In Cummings, the trial court’s instructions failed to define robbery, which 
was the subject of several of the charges against the codefendant, Kenneth Earl 
Gay.  Except for a separate instruction informing the jury that “ ‘robbery requires 
[] the specific intent to permanently deprive the owner of its property’ ” 
(Cummings, supra, 4 Cal.4th at p. 1312, fn. 52), the jury was never informed of 
the elements of that crime or, in particular, instructed that “to convict, it must find 
17 
that personal property was taken from the robbery victims against their will by 
means of force or fear.”  (Id. at p. 1312.)   
We do not find that the omission here was akin to what occurred in 
Cummings.  (Flood, supra, 18 Cal.4th at pp. 503-504.)  In this case, as in the cases 
from other jurisdictions cited above (see pp. 14-15, ante), the instructions omitted 
only two elements from the charge.  Despite the error, the jury was instructed to 
find, and did find, that a burglary and a robbery were committed or attempted, that 
defendant aided and abetted the robbery and burglary with the requisite intent, that 
defendant formed the intent at the appropriate time, that there was a causal and 
temporal relationship between those felonies and the murder of Rolland Coe, and 
that the murder was committed while the defendant was engaged in the 
commission or attempted commission of a robbery and burglary.  That defendant 
was a major participant in the robbery and burglary and that he acted with reckless 
indifference to human life while participating in those felonies are certainly 
important factors distinguishing special circumstance felony murder from first 
degree felony murder, but the failure to instruct on those elements did not 
necessarily render the trial unfair or prevent the trial from reliably serving its 
function as the means for determining defendant’s guilt or innocence, given that 
the jury, under concededly correct instructions, made several essential findings 
concerning the existence of, and defendant’s participation in, the burglary, 
robbery, and murder—as evidenced by defendant’s conviction for first degree 
felony murder.  The fact that several of those findings were also a prerequisite to a 
finding of special circumstance felony murder can only bolster one’s confidence 
that the instructional omissions here did not remove substantially all of the 
elements of the special circumstance and thus could not have been inherently fatal.  
(See People v.
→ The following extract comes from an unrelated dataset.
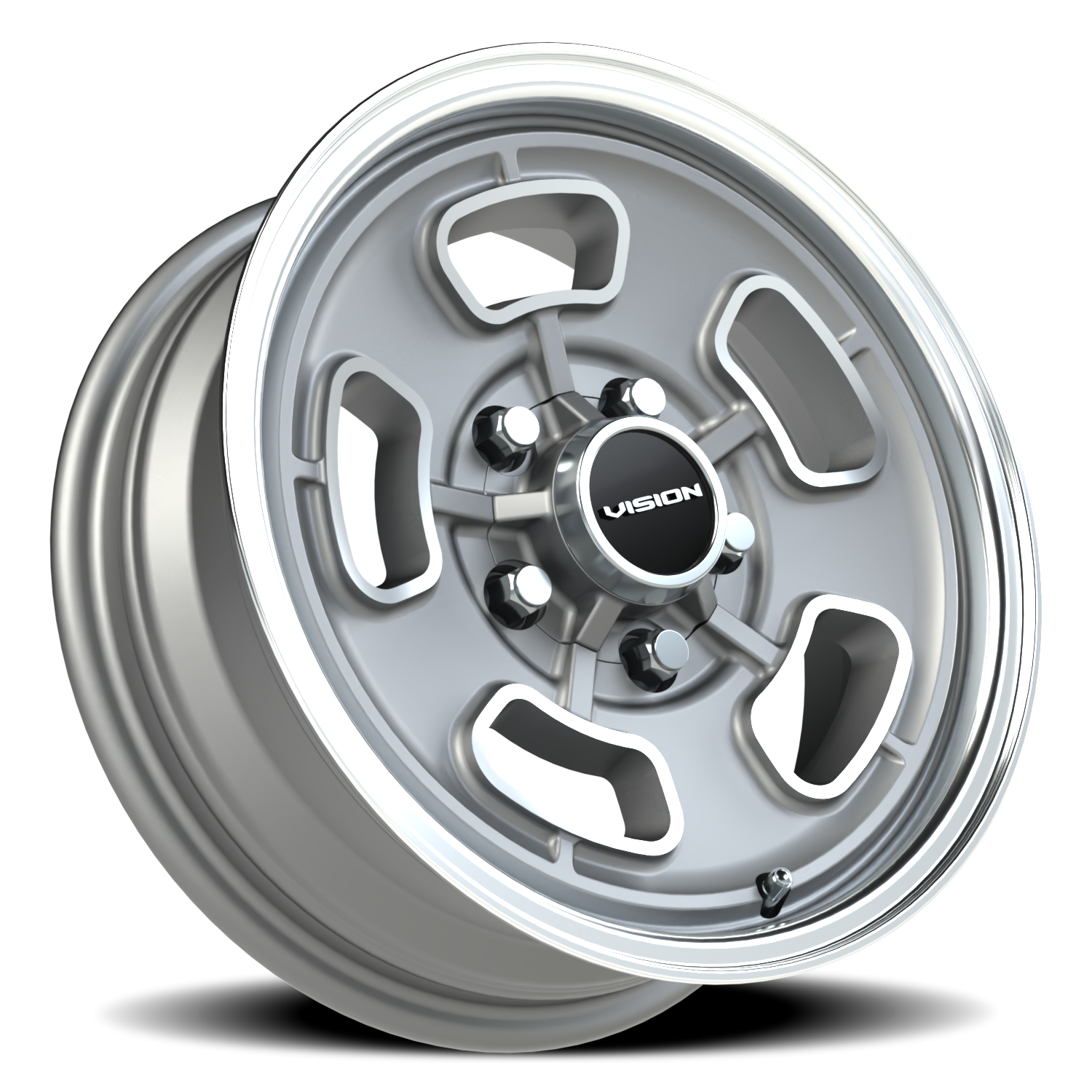 Vision Shift 15X5.5 Satin Grey Machined Face/Lip Wheel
Odle, supra, 45 Cal.3d at p. 415; see generally Washington v. 
Recuenco, supra, 548 U.S. at pp. 221-222.)         
18 
Moreover, the instructional error did not prevent defendant from offering 
evidence concerning the extent of his participation in the burglary and robbery or 
his state of mind.  (Cf. People v. Sandoval (2007) 41 Cal.4th 825, 839 [the 
defendant “did not necessarily have reason—or the opportunity—during trial to 
challenge the evidence supporting these aggravating circumstances”].)  
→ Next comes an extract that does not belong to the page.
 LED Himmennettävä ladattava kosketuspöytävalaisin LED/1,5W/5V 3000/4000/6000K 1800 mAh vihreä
“Accordingly, the error did not affect the content of the record and does not impair 
our ability to evaluate the error in light of the record.”  (Flood, supra, 18 Cal.4th at 
p. 503.) 
In sum, the omission of two elements from the felony-murder special 
circumstances was surely error, but it was not one of the “rare cases” where the 
error can be deemed structural.  (Washington v. Recuenco, supra, 548 U.S. at 
p. 218.)   
C 
Having decided that the trial court’s instructional error is amenable to 
harmless error analysis, we proceed to consider whether it appears beyond a 
reasonable doubt that the error did not contribute to the jury’s verdict.   
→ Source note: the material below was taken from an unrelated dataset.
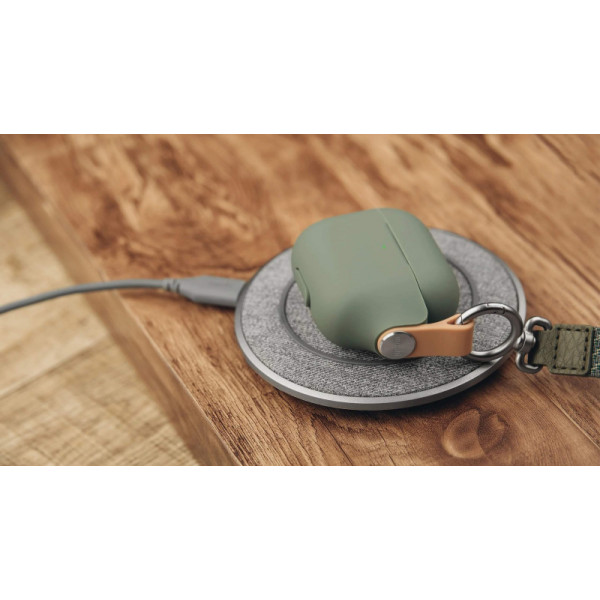 Фото - Чохол для навушників Moshi Pebbo Case Mint Green for Airpods 3rd Gen (99MO123843)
Neder instructs us to “conduct a thorough examination of the record.  If, at 
the end of that examination, the court cannot conclude beyond a reasonable doubt 
that the jury verdict would have been the same absent the error—for example, 
where the defendant contested the omitted element and raised evidence sufficient 
to support a contrary finding—it should not find the error harmless.”  (Neder, 
supra, 527 U.S. at p. 19.)  On the other hand, instructional error is harmless 
“where a reviewing court concludes beyond a reasonable doubt that the omitted 
element was uncontested and supported by overwhelming evidence.”  (Id. at p. 17; 
accord, People v. French (2008) 43 Cal.4th 36, 53.)  Our task, then, is to 
determine “whether the record contains evidence that could rationally lead to a 
contrary finding with respect to the omitted element.”  (Neder, supra, at p. 19; 
19 
accord, People v. Sandoval, supra, 41 Cal.4th at p. 838.)  Because we find that 
defendant contested whether he acted with reckless indifference to human life and 
that the record supports a reasonable doubt as to that element, we reverse the 
burglary and robbery special circumstances. 
“[T]he culpable mental state of ‘reckless indifference to life’ is one in 
which the defendant ‘knowingly engag[es] in criminal activities known to carry a 
grave risk of death.’ ”  (People v. Estrada, supra, 11 Cal.4th at p. 577.)  This 
mental state thus requires the defendant be “subjectively aware that his or her 
participation in the felony involved a grave risk of death.”  (Ibid., italics added.)  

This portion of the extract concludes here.